Marketing Opinion South Africa

New approach arrives Just-in-time to help marketers maximise influence

While the marketing strategy of organisations has changed as a result of the fundamental shift in the consumer's path to purchase, the mission of marketing - namely, positively influencing the purchasing decision of consumers at the right moment - has not changed.
New approach arrives Just-in-time to help marketers maximise influence

Achieving this goal in the modern era, requires a change in the approach of marketers to put themselves in a position to convert one-time consumers into loyal customers. This approach is called Just-in-time marketing.

Traditionally, marketing efforts are geared towards boosting the awareness of prospective consumers around a product or service and highlighting the competitive advantage of said offering over that of competitors through the appropriate touch point and at the point at which the purchasing decision is made.

While this approach bore much fruit in the golden era of mass communication, the return on investment in the digital era has not lived up to expectations. This is attributed to the breadth of channels available to connect with consumers. The path to purchase has also been split up in multiple routes. Consumers no longer merely waltz into a store and ask the sales staff what the best product is for their needs and budget. Instead, they research it online, read reviews, compare prices and feature sets, read user comments in online forums, watch unboxing and first impression videos on YouTube and ask subject matter experts over social networks for their opinions.

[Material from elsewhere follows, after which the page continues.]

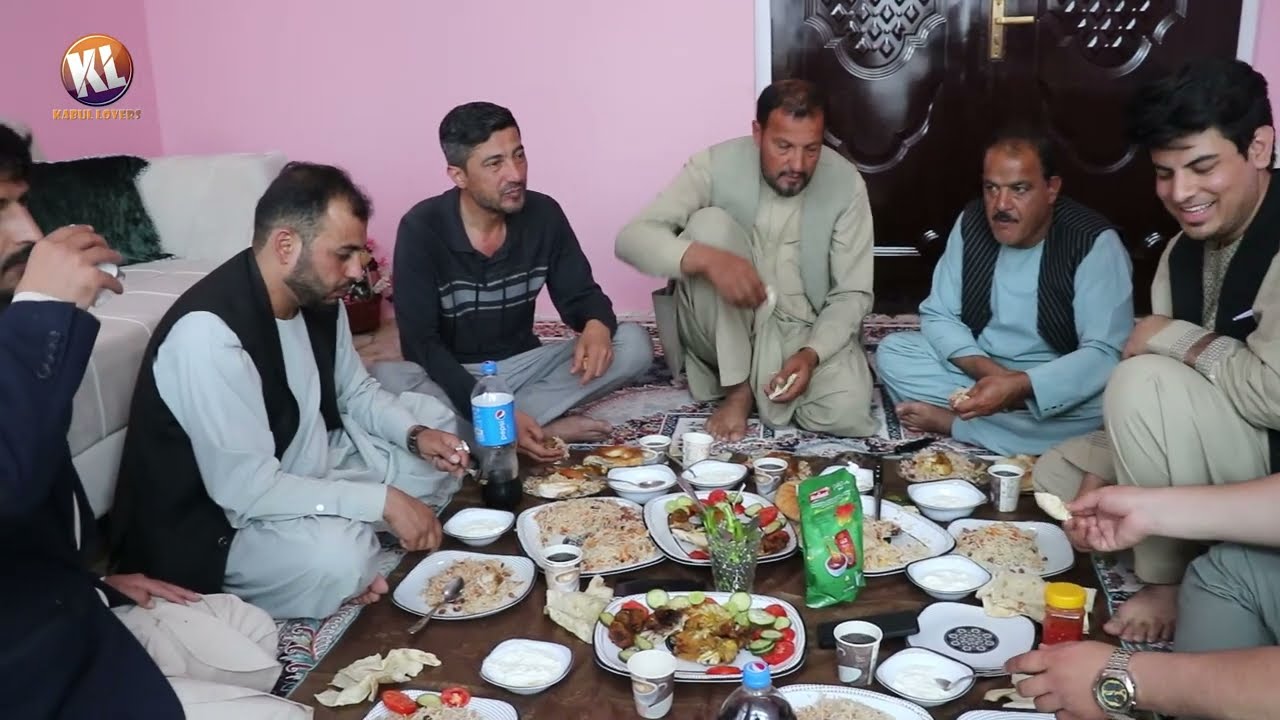 مهمانی و تبریکی اولین طفل بلال جان همکار ما در خانه اش😇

Relying on traditional marketing channels by using a spray-and-pray approach will not put companies in the driving seat when it comes to achieving their marketing and sales goals. The point of influence for consumers is no longer at the point of sale, it is at the point of evaluation – when the consumer is considering all of the contending offerings.

Waste not, want not

We call this wasted effort ‘marketing inventory’ because like physical inventory within factories, it equates to the accumulation of unused parts or unsold goods that result from overproduction.

Today, companies are producing more marketing inventory than ever, to the detriment of their profit margins. To solve their inventory crisis, marketers should apply the same just-in-time logic that revolutionised the factory, when excess inventory threatened to sink manufacturing.

For instance, Toyota in post-war Japan radically trimmed its inventory by adopting a Just-in-time approach. This saw the company producing only enough product to meet customer demands at the right time, to the exact specifications and quality that the customer requires.

Marketers can adopt the same approach to solve their own inventory problem by producing only the marketing that’s required, at the time that it’s needed, with the exact message or offer that will convert a sale and help convert consumers into loyal customers.

Three routes, one destination

Factories used three related Just-in-time methods, namely Kanban, Kaizen, and Total Quality Management, with each of which holding a lesson for how marketers can stem the tide of marketing inventory.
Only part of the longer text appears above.